In just one year, Drake Pooley ‘16 visited 31 countries. The one-year master’s program was operated by the University of Virginia and the Esade Business School in Spain.
“It was a challenging and eye-opening experience constantly because it was 20 Americans, 20 Europeans and 20 Asians,” Pooley said. “We all lived together.”
He shifted into his destined career field after his year of travel and now works for A.T. Kearney, a management consulting firm.
The 90-year-old firm is a part of the core group of eight global consulting firms. Pooley is based in the New York office but travels almost weekly to wherever the client is.

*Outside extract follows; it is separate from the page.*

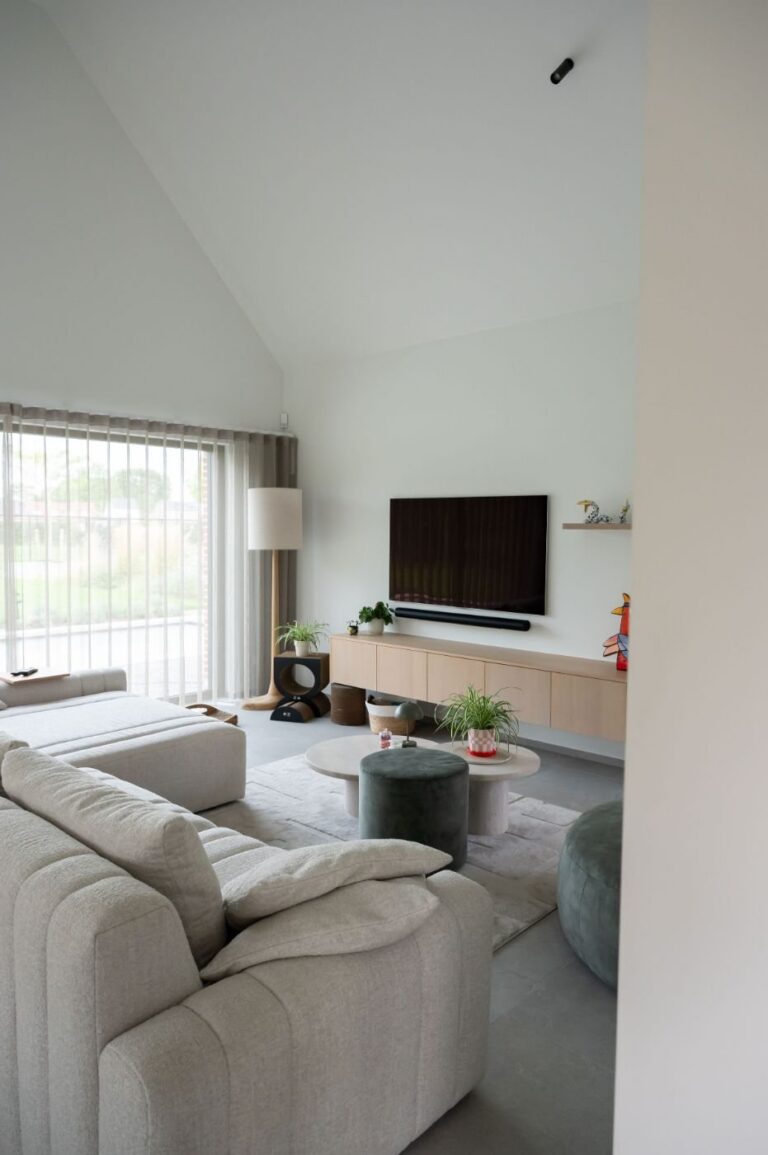 Lichte woonkamer, geschilderd door CP Painting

His first assignment was to create a platform for the retail store of the future. It required research into what the best stores in the world were doing and how they were making it work.
“My next project was to work with the World Economic Forum,” Pooley said. “This year’s report was on the future of production and how countries can better enable themselves for the fourth industrial revolution.”
Pooley looked at 80 countries and ranked them on their readiness for the future of technology and artificial intelligence. Working on something of this magnitude was thrilling and he learned a lot from the experience.
“It’s a challenging environment in a good way, and so I end up pushing myself harder than I think I can,” Pooley said. “There is such a strong focus on mentorship and strong working relationships.”
Pooley said he agrees with the saying that, “One year in consulting is three years in the real world.”
His time at Auburn prepared him for his time abroad after graduation and his time working with A.T. Kearney. He graduated with degrees in finance and international business with a focus in Chinese. Pooley was a part of the Finance Honor Society, the Honors College, he ran for Student Government Association President and was a senator in the College of Business.
“The biggest thing that Auburn gave me was the humility to know what you don’t know and be willing to work hard to learn quickly,” Pooley said.
He sees this clearly in those who are apart of the Harbert Alumni group in New York. The one thing they all have in common is their humility. He said there is a different kind of culture that is ingrained in Auburn students.
“We aren’t the flashy kind of people that went to Harvard or go to the Hampton’s on the weekend because that’s where our parents are — we don’t have any of that,” Pooley said. “We are just known as the hard workers who are willing to stay as long as it takes to get the job done.”